I wouldn't do any of that. I just need everyone to give me unlimited power with no takebacksies.
/s
Seriously though, this makes me think of Xunzi, Mencius, and their differing views of human nature. A short excerpt for the unfamiliar:
Xunzi thought it was the structures of authority that help make us from evil selfish people into a civil society. On the contrary, Mencius felt like it was society that corrupts our intrinsically good nature.
Where do you fall?
If I say 'neither', will I get called out for being roadkill? I'm more 'nurture' than 'nature' on what on a man is.
People generally pursue their own interests. Their interests include the welfare of others, and their own feelings wrt empathy and the like, not just traditionally 'selfish' interests. The purpose of government is to restrict that pursuit. Sometimes that's good, sometimes that's bad. Almost always it's contentious. As a non-anarchist, I feel very strongly that the restriction of that pursuit is especially historically, but still also contemporarily, a net good from a utilitarian and virtue ethics standpoint.
Without a means of imposing conflict resolution on parties which will not compromise to a satisfactory degree with one another, conflict intensifies and escalates. It's exactly this 'ungoverned' condition which leads to the rise of 'honor societies' wherein offenses must be met with irrational escalation, because rational escalation is, ironically, irrational in the face of an inability to guarantee retaliatory capacity.
No government thus makes men worse than their natures, I believe, precisely because we are rational and social animals.
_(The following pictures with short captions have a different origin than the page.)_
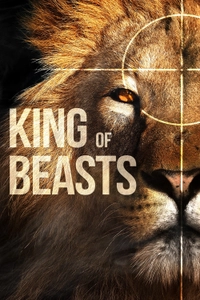 King Of Beasts
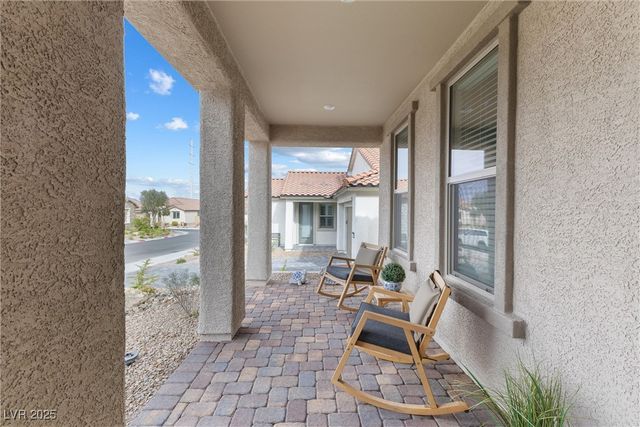 10863 Gardenova Avenue, Las Vegas, NV 89166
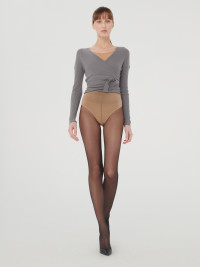 wolford fr product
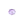 Load image into Gallery viewer, Amethyst - 7.64 Carat - Pramogh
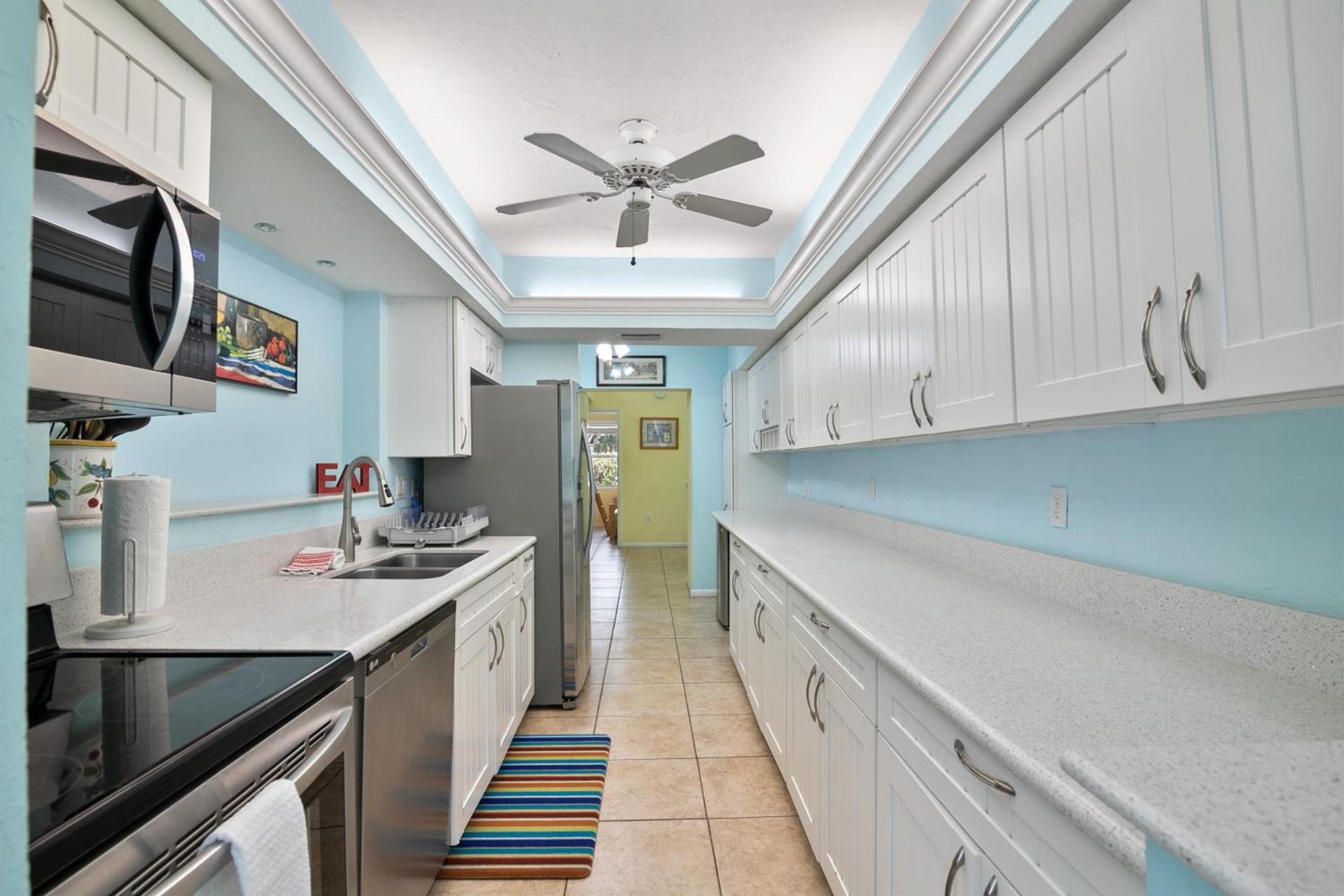 The Ringling Beach House photo 54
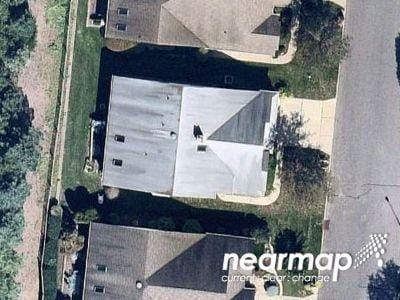 Sherwood Dr for Sale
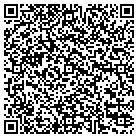 QR code with Theresa Dufault Appraisal contacts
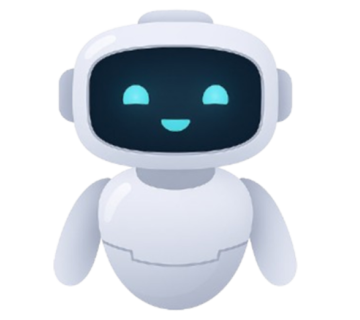 ocean-tech.com.ua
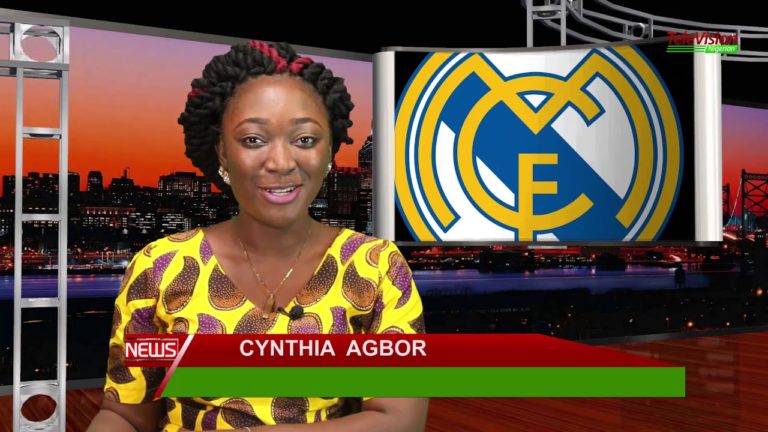 REAL MADRID DENIES AGREEMENT WITH PSG OVER MBAPPE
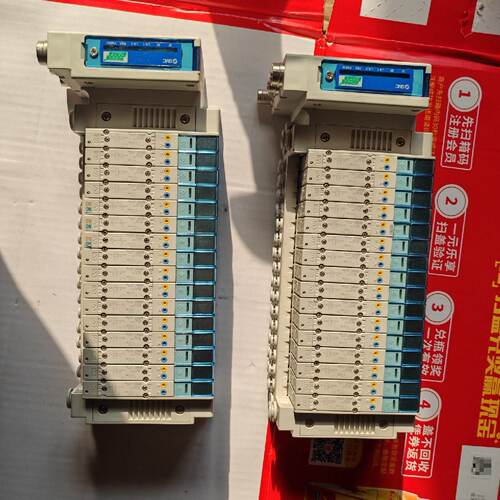 溢价-SY3A00-5U1 SY3200-5U1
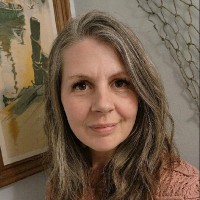 M&T Enterprises, LLC Employee Stephanie Wagstaff's profile photo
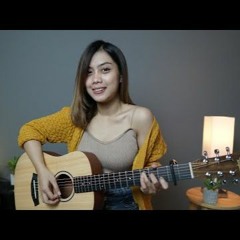 MAU DIBAWA KEMANA - ARMADA (COVER BY SASA TASIA)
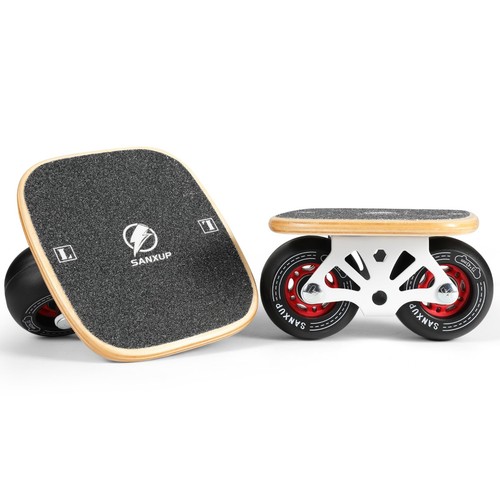 Sanxup free skates - sanxup,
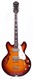 Epiphone Japan Casino Vintage 1996-Sunburst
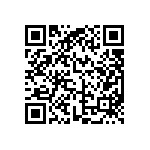 DW-30-14-L-D-960-LL QRCode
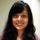 Devanshi_Joshi's avatar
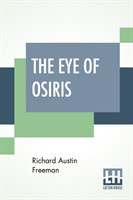 Eye Of Osiris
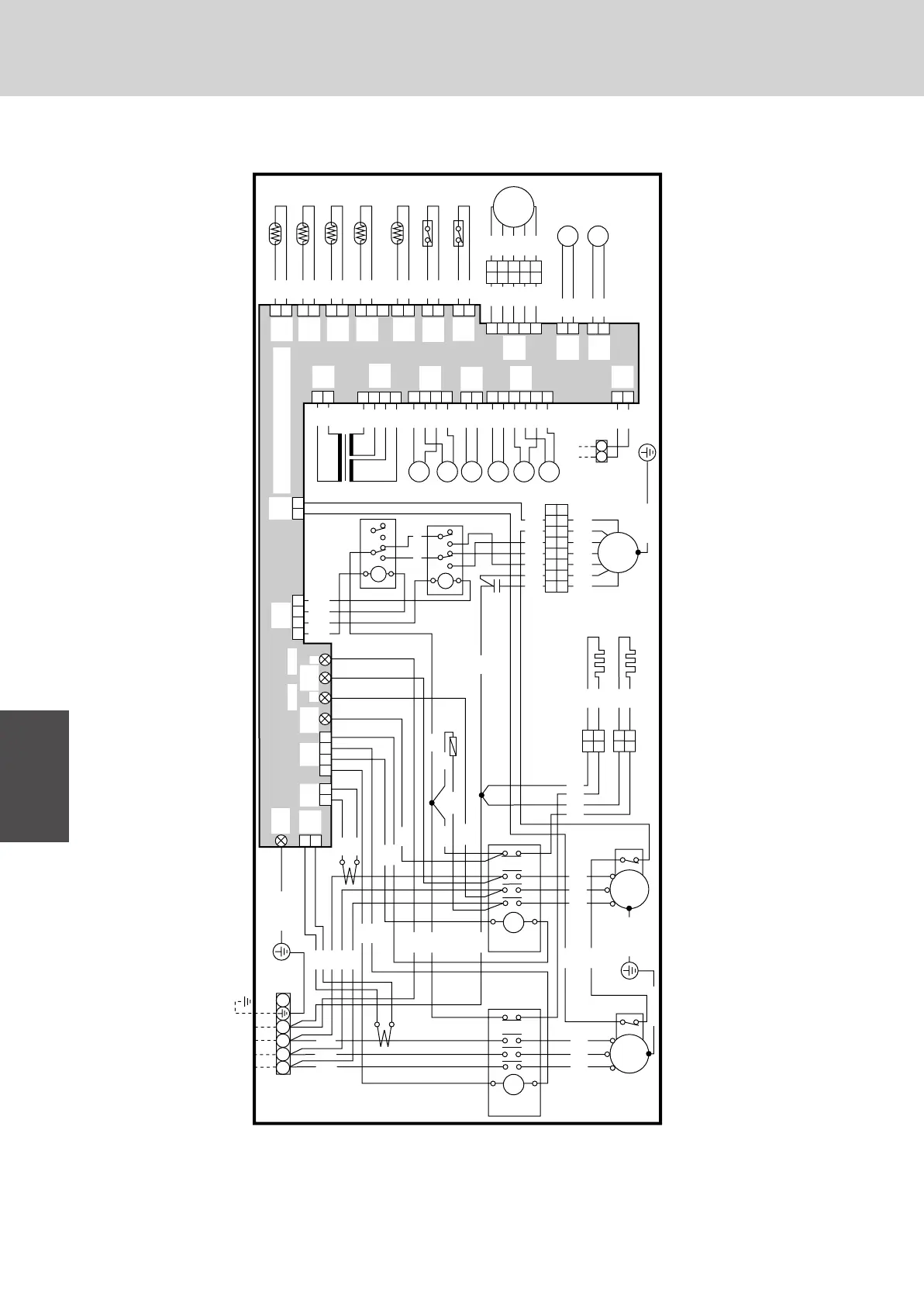 Page #232 background image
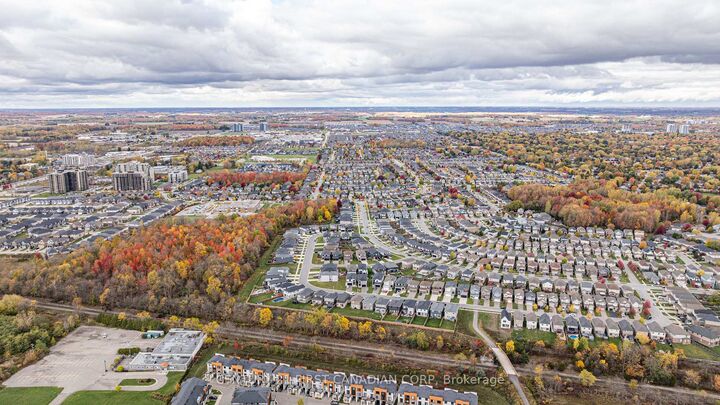 Photo de la propriété: 1277 Sandbar Street ON N6G 0Y3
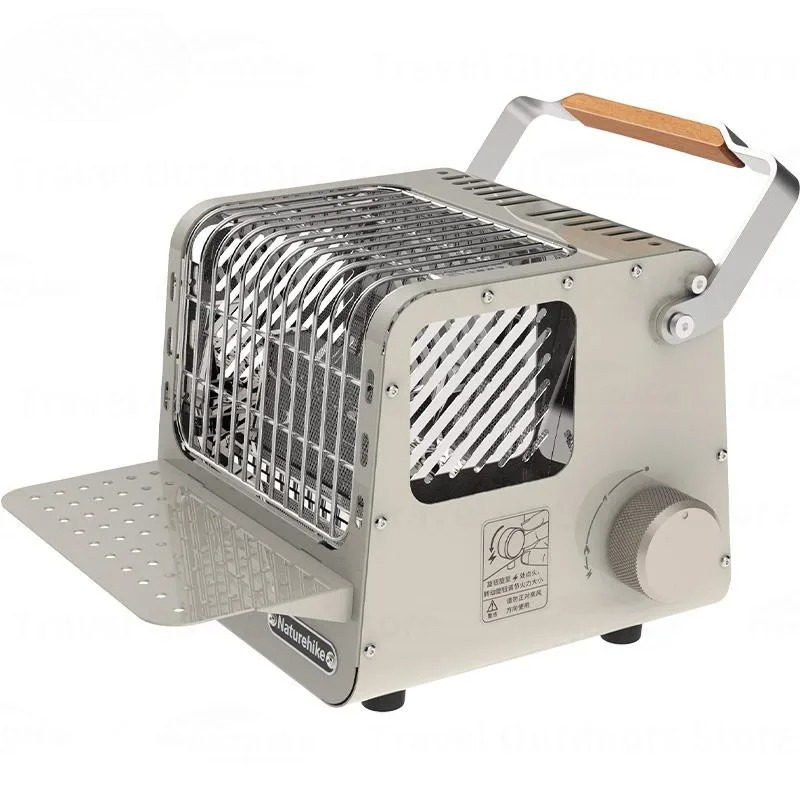 Naturehike Heater Heating Radi - Camping Cooking Heater 评论和价格
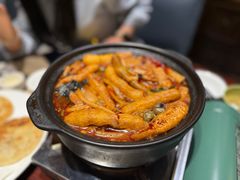 -金龙寨(解西店)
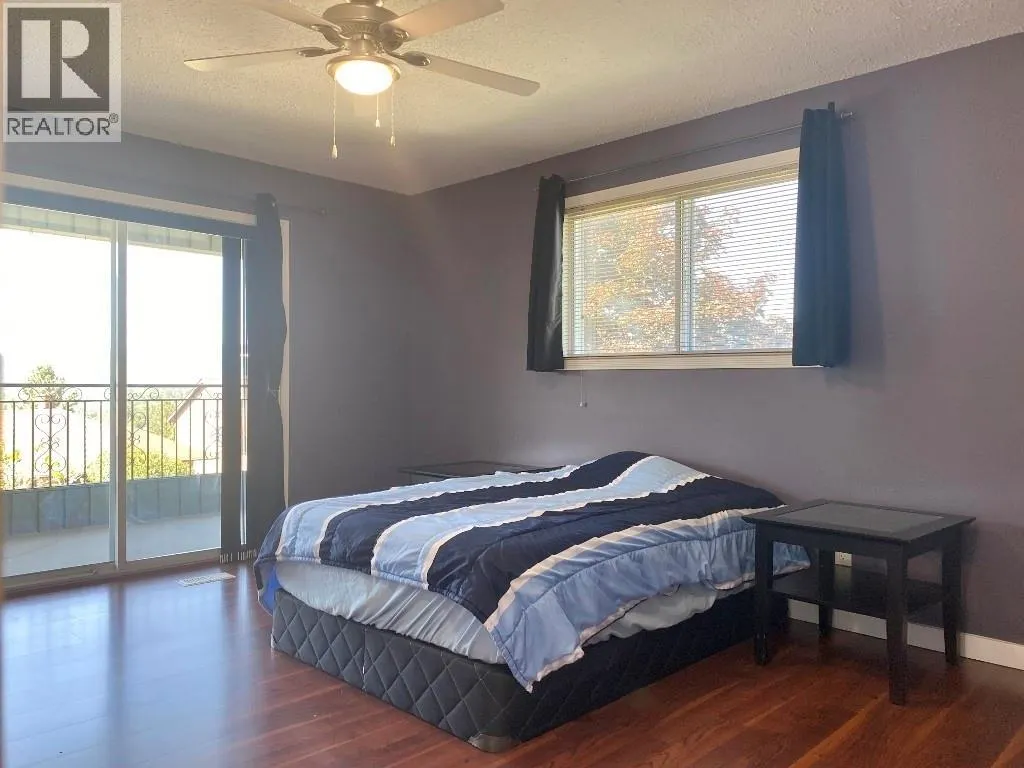 7437 VALLEY HEIGHTS Drive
The rise of state societies is simply the rules-oriented application of tribal/familial governance to populations where unrelated individuals cannot avoid interacting. When a social unit exceeds the amount in which stable groups of related elders have enough influence to create consensus, strict tribal/familial governance is no longer possible.
Bad government also makes men worse than their natures. The worst governments, arguably, can be worse than even the most chaotic absence of governance, because it has much more room to 'cultivate' specific flaws, like servility or bigotry.
I mean, I was thinking specifically about literal war machines and those getting automated by AI, not so much power being a corrupting force (which it very much is. The saying is true; "Power corrupts. Absolute power corrupts absolutely."). ๐
As an anarchist, I am already against anyone having any power over others, period, because it will almost certainly lead to corruption.
The issue is that everyone has power over others. A man who farms has power over a man who doesn't. A charismatic extrovert has power over the friendless introvert. A man who knows a secret has power over a man who is unaware.
And that to assert that no one should have any power over others, ironically, strips one of the ability to ensure that no one has power over others. Even anarchist polities require people to be able to enforce rules on others; the institutional structures are simply weakened to create fluidity of power and, ideally, thus prevent its abuse.
All systems are compromises between constructing something with the power to achieve its goals (such as preventing the rise of traditional states, for example) and restraining it's own capabilities to prevent it from turning into something else (... like a traditional state. For example.)